*** Block opens ***
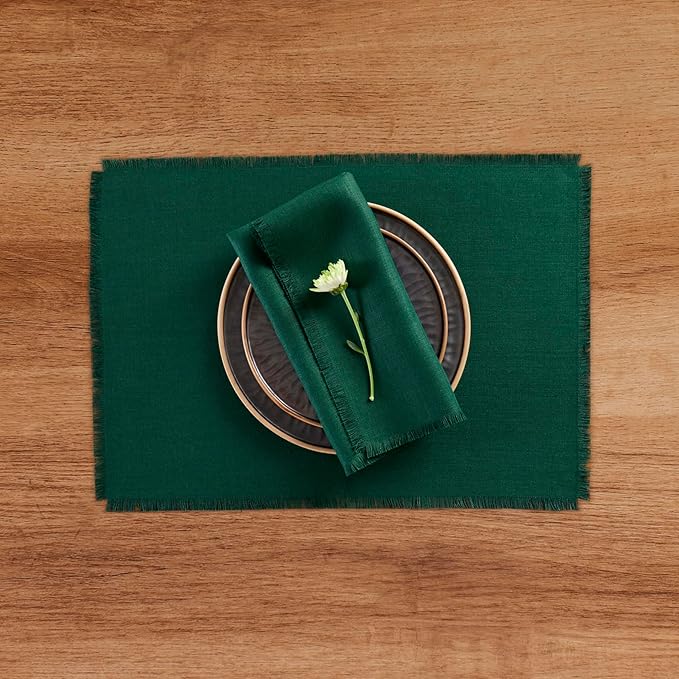 Solino Home Fringe Linen Placemats Set of 4 - Evergreen Placemats 14 x 19 Inch - 100% Pure Linen Table Mats for Christmas, Winter, New Year - Handcrafted and Machine Washable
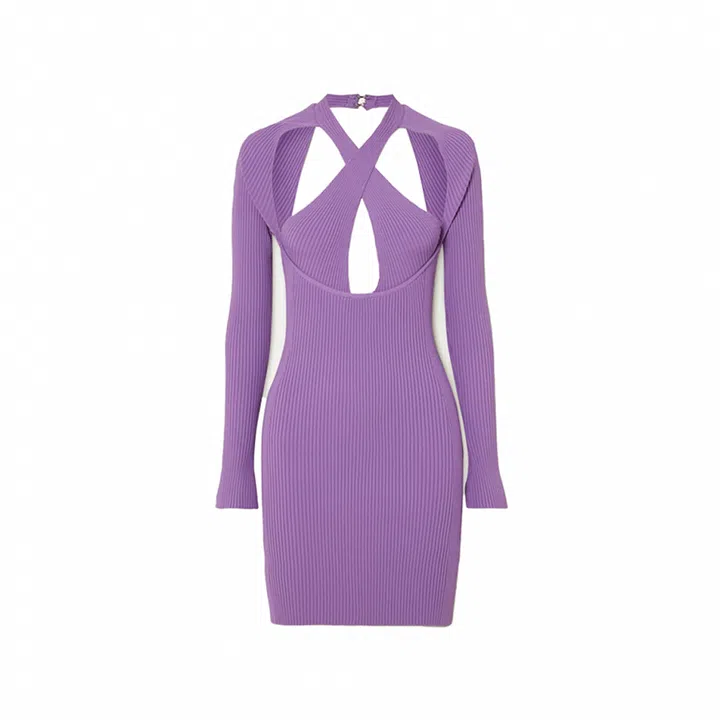 Cutout Ribbed Stretch-Knit Mini Dress, $610, David Koma from Net-a-Porter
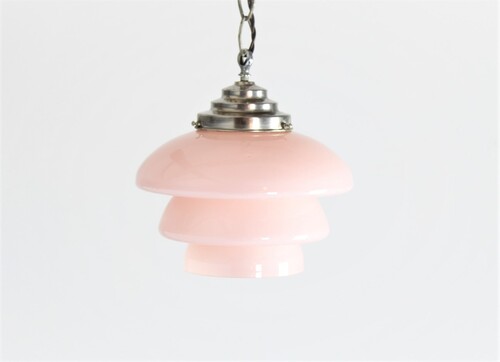 thumbnails bij product Art Deco pendant lamp with pink lamp shade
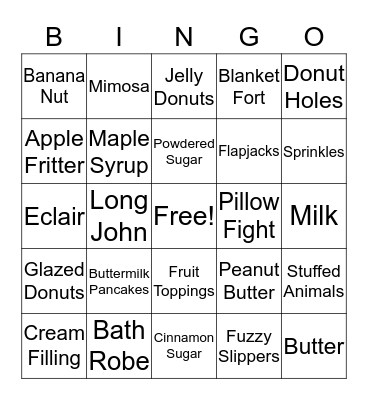 Donut Miss Our Pajama Jam & Pancake Party Bingo Card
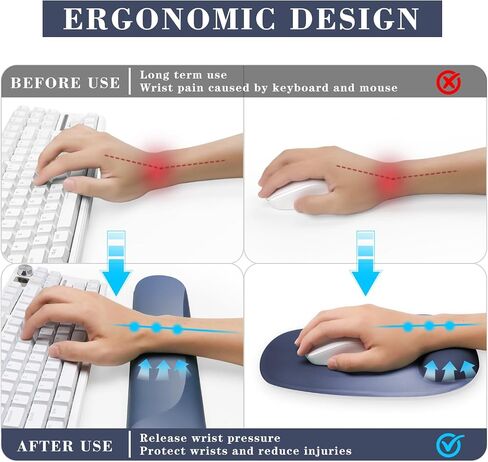 Wrist Rest Support for Mouse Pad and Keyboard Set, Ergonomic Gel Wrist Support - Fabric with Non-Slip, Soft & Comfortable, Relieve Office for Gaming Wrist Pain (Blue) in Saudi Arabia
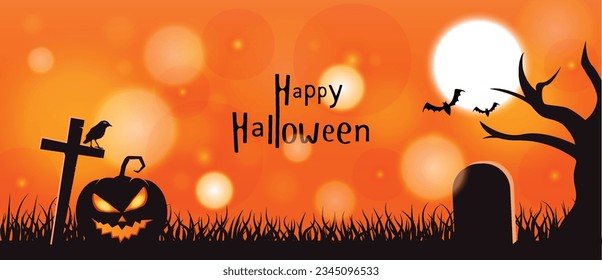 Halloween on orange background. Vector illustration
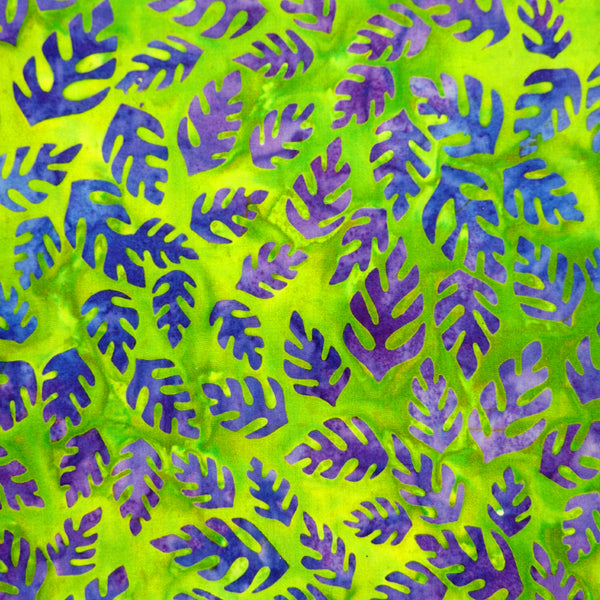 PURPLE & GREEN PALM LEAF BATIK HANDKERCHIEF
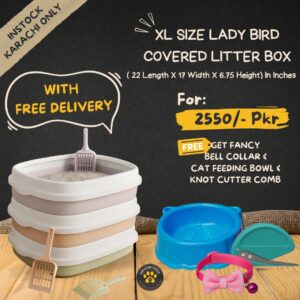 Free Delivery Bundle Offer:Superior Quality Imported Extra Large Litter Tray with scoop(22 x 17 x 6.5) Inches + Free Cat Collar & Knot Cutter & Feeding Bowl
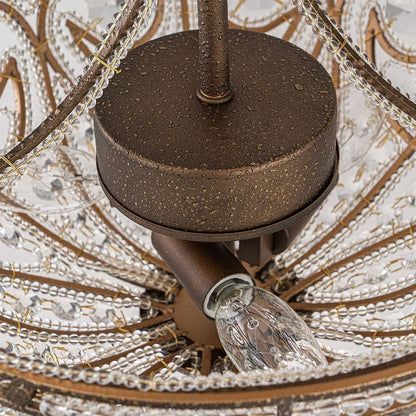 Ive Vintage Bronze Bowl 3-Light Crystal Semi Flush Ceiling Light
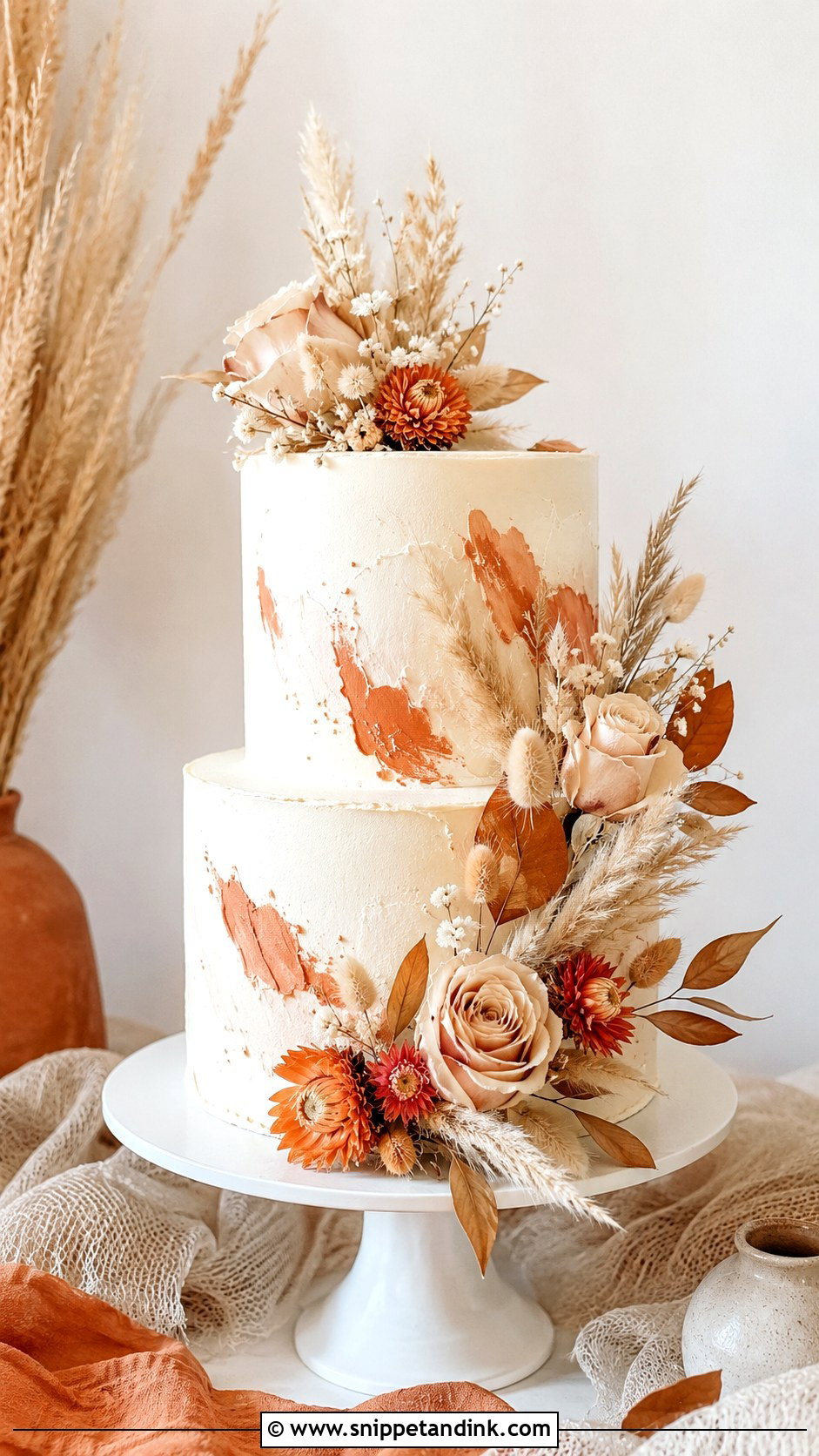 Fall Wedding Cake With Dried Flowers - Snippet and Ink - 20 Wedding Cakes for Fall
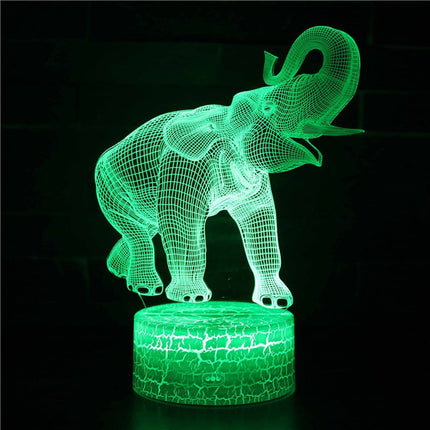 Lampada 3D LED illusione ottica elefante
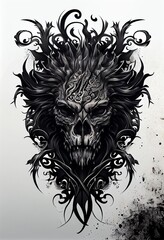 Generative AI abstract render of a lion's skull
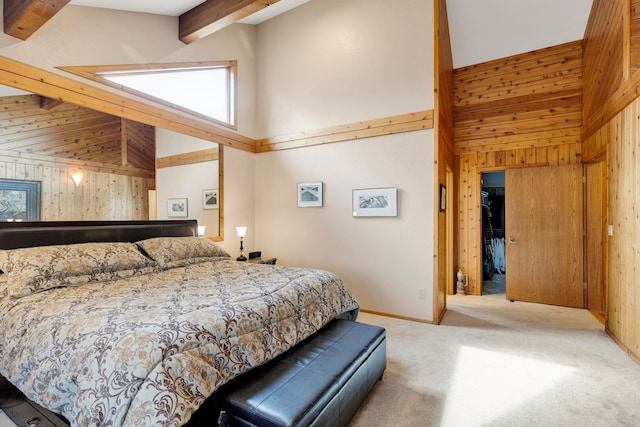 297 Christofferson Ln, Corvallis, MT 59828 - carpeted bedroom with wooden walls, high vaulted ceiling, and beam ceiling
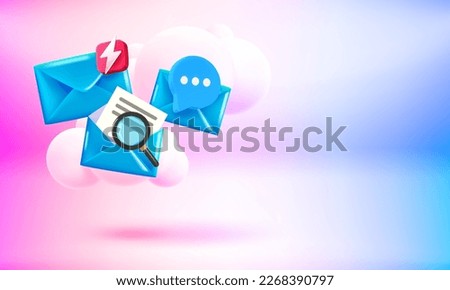 Different blue envelopes. Mailing concept. 3d vector banner with copy space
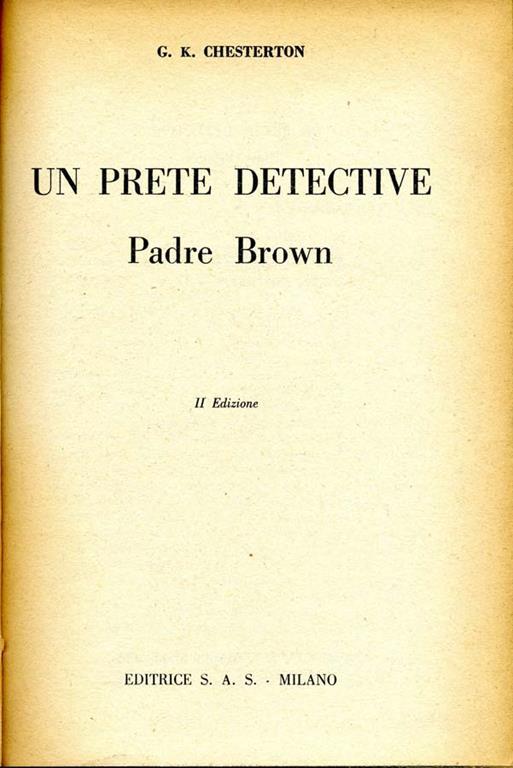Un Prete Detective. Padre brown - Gilbert K. Chesterton - copertina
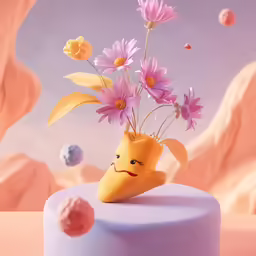 a smiley face wearing pink flowers in front of rocks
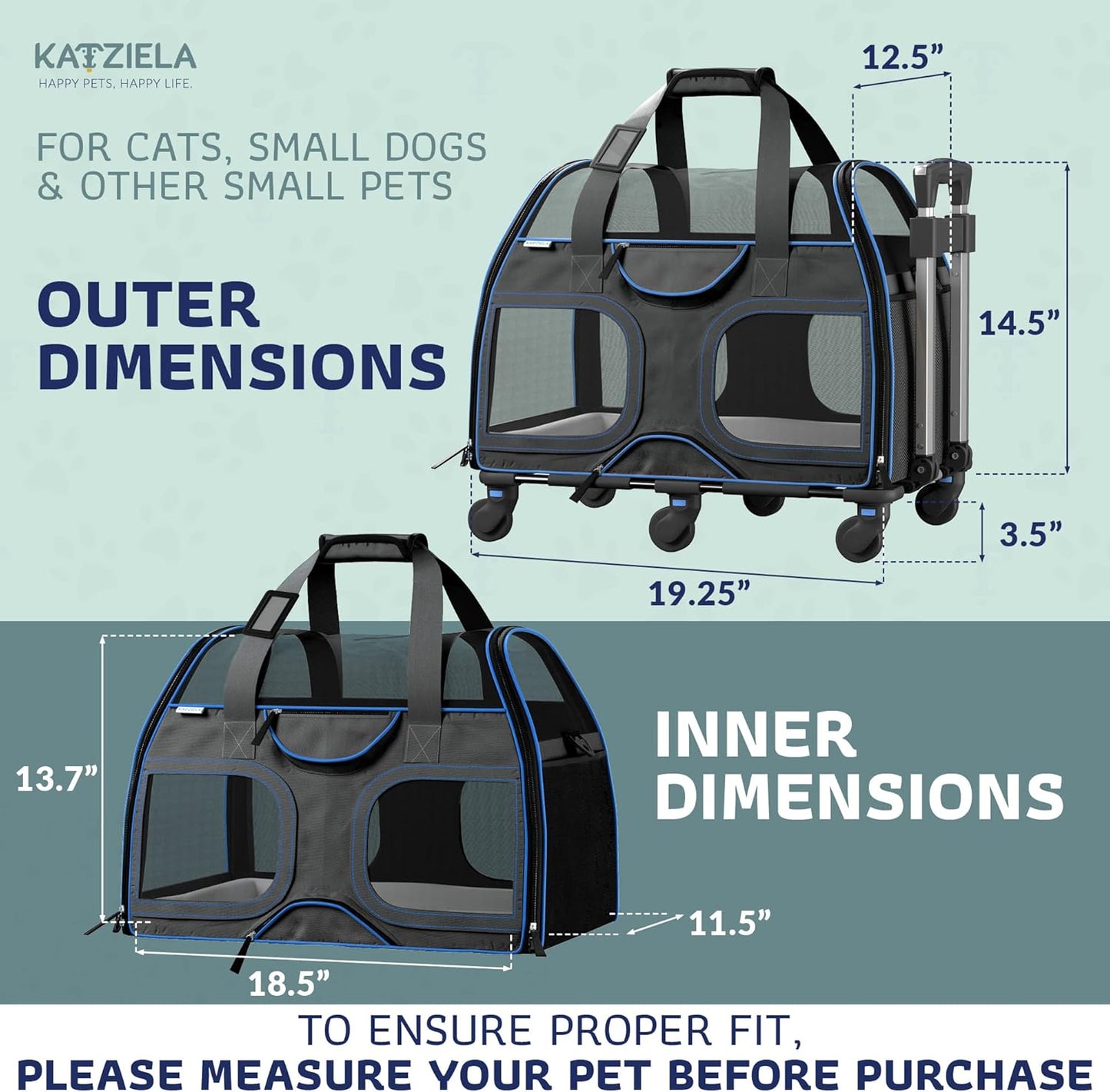Katziela Pet Carrier - Airline Approved Dog Carrier - TSA Approved Pet Carrier for Small Dogs and Cats - Soft FAA Travel Airplane Dog Carrier Luggage (Black/Blue)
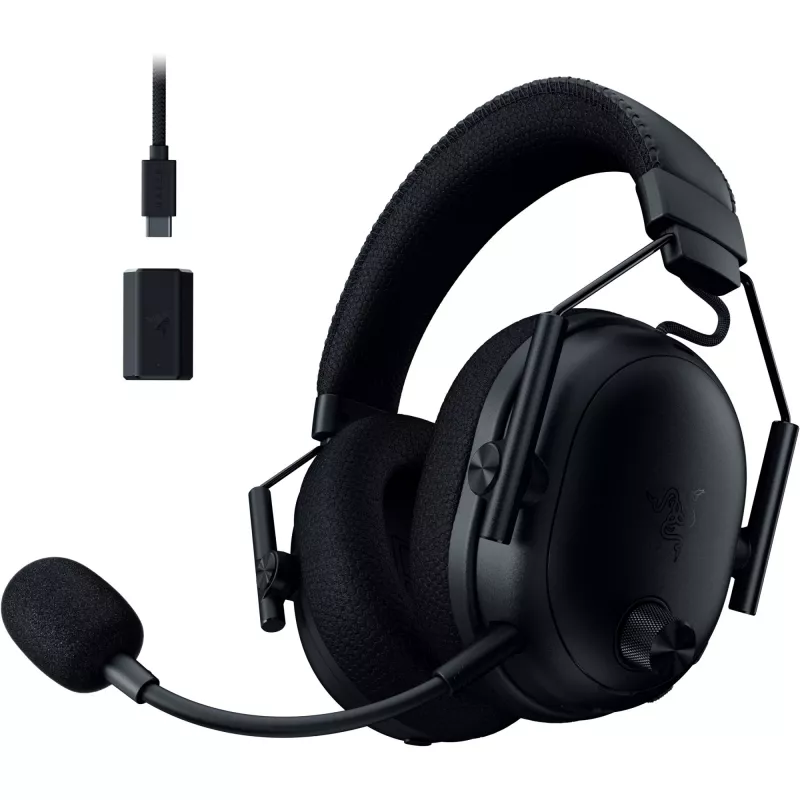 BlackShark V3 Pro, Auscultadores para gaming preto, ANC, dongle 2,4 GHz, Bluetooth, USB, jack 3,5 mm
*** Block closes ***
» **TASK STATEMENT**
Set the records down again exactly, and omit any picture in them.

» **RESULT FOR THIS EXERCISE**
 Solino Home Fringe Linen Placemats Set of 4 - Evergreen Placemats 14 x 19 Inch - 100% Pure Linen Table Mats for Christmas, Winter, New Year - Handcrafted and Machine Washable
 Cutout Ribbed Stretch-Knit Mini Dress, $610, David Koma from Net-a-Porter
 thumbnails bij product Art Deco pendant lamp with pink lamp shade
 Donut Miss Our Pajama Jam & Pancake Party Bingo Card
 Wrist Rest Support for Mouse Pad and Keyboard Set, Ergonomic Gel Wrist Support - Fabric with Non-Slip, Soft & Comfortable, Relieve Office for Gaming Wrist Pain (Blue) in Saudi Arabia
 Halloween on orange background. Vector illustration
 PURPLE & GREEN PALM LEAF BATIK HANDKERCHIEF
 Free Delivery Bundle Offer:Superior Quality Imported Extra Large Litter Tray with scoop(22 x 17 x 6.5) Inches + Free Cat Collar & Knot Cutter & Feeding Bowl
 Ive Vintage Bronze Bowl 3-Light Crystal Semi Flush Ceiling Light
 Fall Wedding Cake With Dried Flowers - Snippet and Ink - 20 Wedding Cakes for Fall
 Lampada 3D LED illusione ottica elefante
 Generative AI abstract render of a lion's skull
 297 Christofferson Ln, Corvallis, MT 59828 - carpeted bedroom with wooden walls, high vaulted ceiling, and beam ceiling
 Different blue envelopes. Mailing concept. 3d vector banner with copy space
Un Prete Detective. Padre brown - Gilbert K. Chesterton - copertina
 a smiley face wearing pink flowers in front of rocks
Katziela Pet Carrier - Airline Approved Dog Carrier - TSA Approved Pet Carrier for Small Dogs and Cats - Soft FAA Travel Airplane Dog Carrier Luggage (Black/Blue)
 BlackShark V3 Pro, Auscultadores para gaming preto, ANC, dongle 2,4 GHz, Bluetooth, USB, jack 3,5 mm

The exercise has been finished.